Any human-approved patching exemptions or changes to the Agent Morpheus summary from the analyst are fed back into the LLM fine-tuning datasets to continually improve the models based on human output.

Detailed architecture diagram showing the data flow between Agent Morpheus and its connected services with numbered callouts for each step.
Figure 4. Data flow diagram of Agent Morpheus and its connected services

Agent Morpheus is fully integrated with our container registry and internal security tools to completely automate the entire process from container upload to the creation of the final VEX document.

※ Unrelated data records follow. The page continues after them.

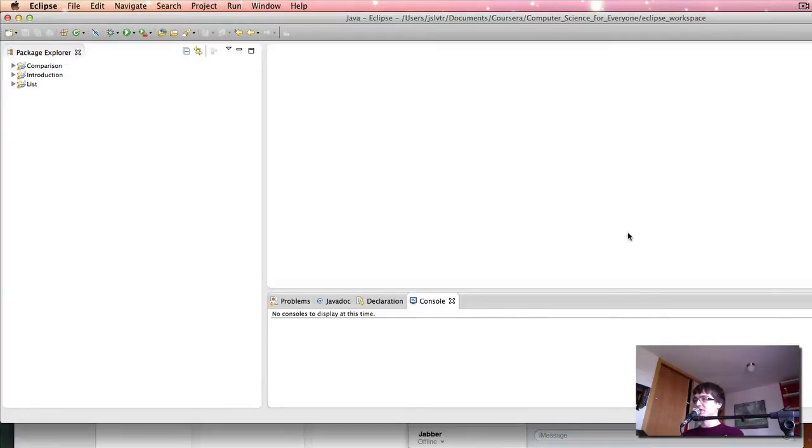Hi and welcome back to Computer Science for Everyone. This time we're going to go through what inheritance is and how we program it.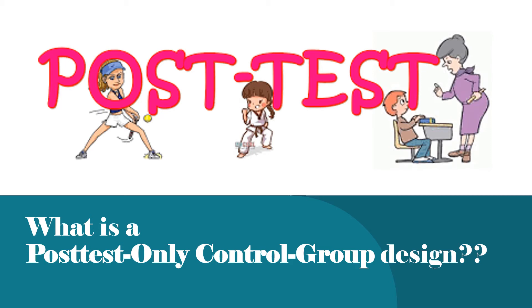Hi everyone, I hope you have been watching the series of videos I have been making on different research designs. Today's video is the sixth video in the series, which takes up a post-test only control group design. This is a type of true experimental design.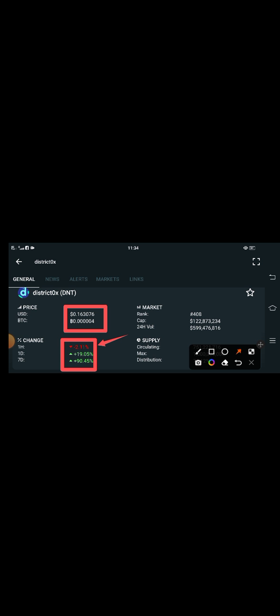...are going completely negative 2.11%. But guys, if you look at the previous changes, the last seven day changes is about 90% positive, and the last one day change is 19.05% positive.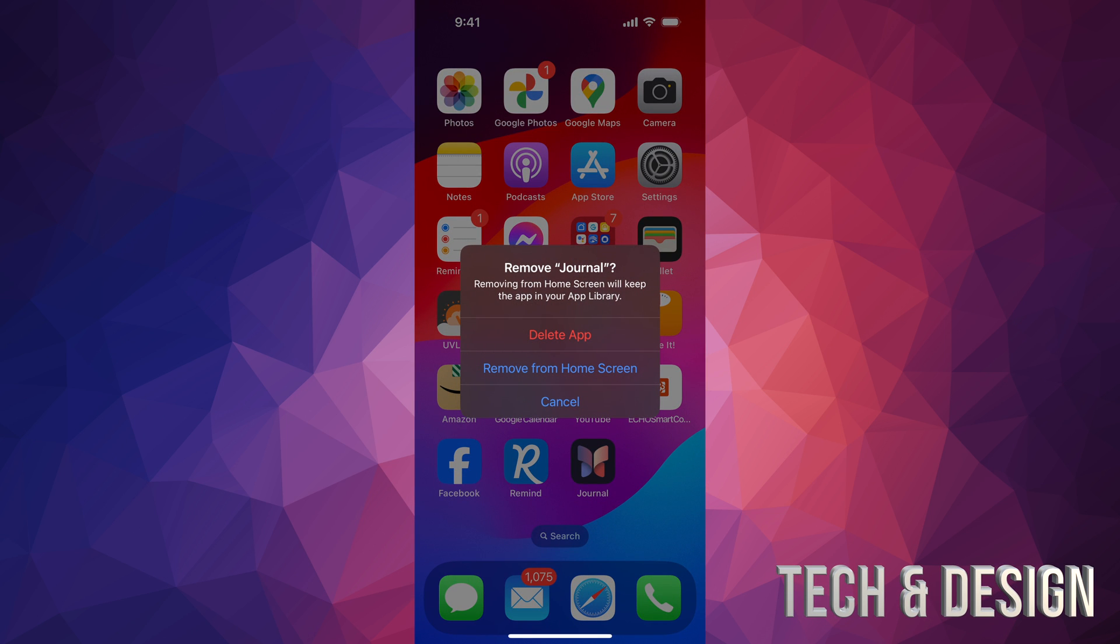It's going to tell us delete app or remove from home screen. What you guys want to do is delete app because you don't want it. You don't want it to waste space on your phone, and that's the way to do it.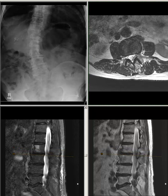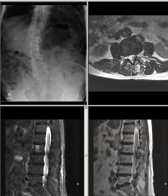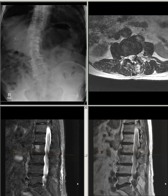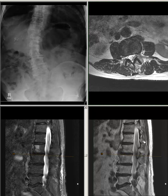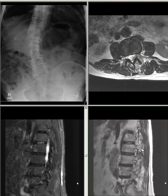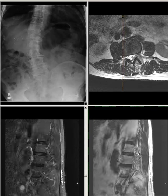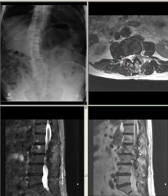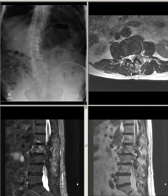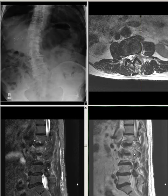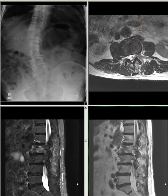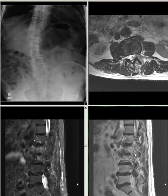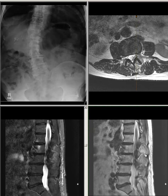L2-L3: There is disc desiccation and mild facet joint hypertrophy bilaterally noted. No evidence of spinal canal stenosis. The right side neuroforamen is patent. There is mild left side neuroforaminal stenosis without complete effacement of neuroforaminal fat or direct nerve compression.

  1. The process is triggered from a container upload event that occurs whenever a new container is pushed to the registry by a user.
  2. When the container is uploaded, it is immediately scanned using a traditional CVE scanner such as Anchore. The results of this scan are passed to the Agent Morpheus service.
  3. Agent Morpheus retrieves the necessary intelligence for the listed CVEs and prepares any agent tools.
  4. The Agent Morpheus models and agents are run, generating a final summary and classification for each CVE.
  5. The final summary and classification for each CVE is then sent to the security analyst dashboard for review. Analysts review the original container scan report, improved summary, and justification from Agent Morpheus and make a final recommendation for each CVE.
  6. The recommendation is sent for peer review. Any changes that must be made are returned to the analyst.
  7. After the VEX document has completed peer review, the final document is published and distributed with the container.
  8. Any changes in the summary or exemptions from the analyst are compiled into a new training dataset, which is used to continually retrain the models and automatically improve the system using the analyst’s output.

Agent Morpheus uses NVIDIA NIM inference microservices to accelerate time to deployment and inference speed. NIM microservices are used to execute all LLM queries and are integral to the workflow for several reasons. NVIDIA NIM makes it easy to spin up your own LLM service compatible with the OpenAI API specification. 

Agent Morpheus uses three LoRA customized versions of the Llama3 model and one Llama3 base model, which are all hosted using a single NIM container that dynamically loads the LoRA adapters as needed. 

NIM can also handle the bursty nature of LLM requests that are generated by the tool. On average, Agent Morpheus requires about 41 LLM queries per CVE! As container scans can generate dozens of CVEs per container, the number of outstanding LLM requests can easily reach into the thousands for a single container. NIM can handle this type of variable workload and eliminate the need to develop a custom LLM service.

Unlike traditional chatbot pipelines, the Agent Morpheus event-driven workflow is not limited by the time it takes a human to respond. Instead, an accelerated workflow can run through all the CVEs or events using the same parallelization and optimization techniques that are cornerstones of traditional machine learning pipelines. 

Using the Morpheus cybersecurity framework, we built a pipeline that orchestrates the large number of LLM requests and enables executing the LLM requests asynchronously and in parallel. The checklist items for each CVE and the CVEs themselves are completely independent of each other and can be run in parallel. 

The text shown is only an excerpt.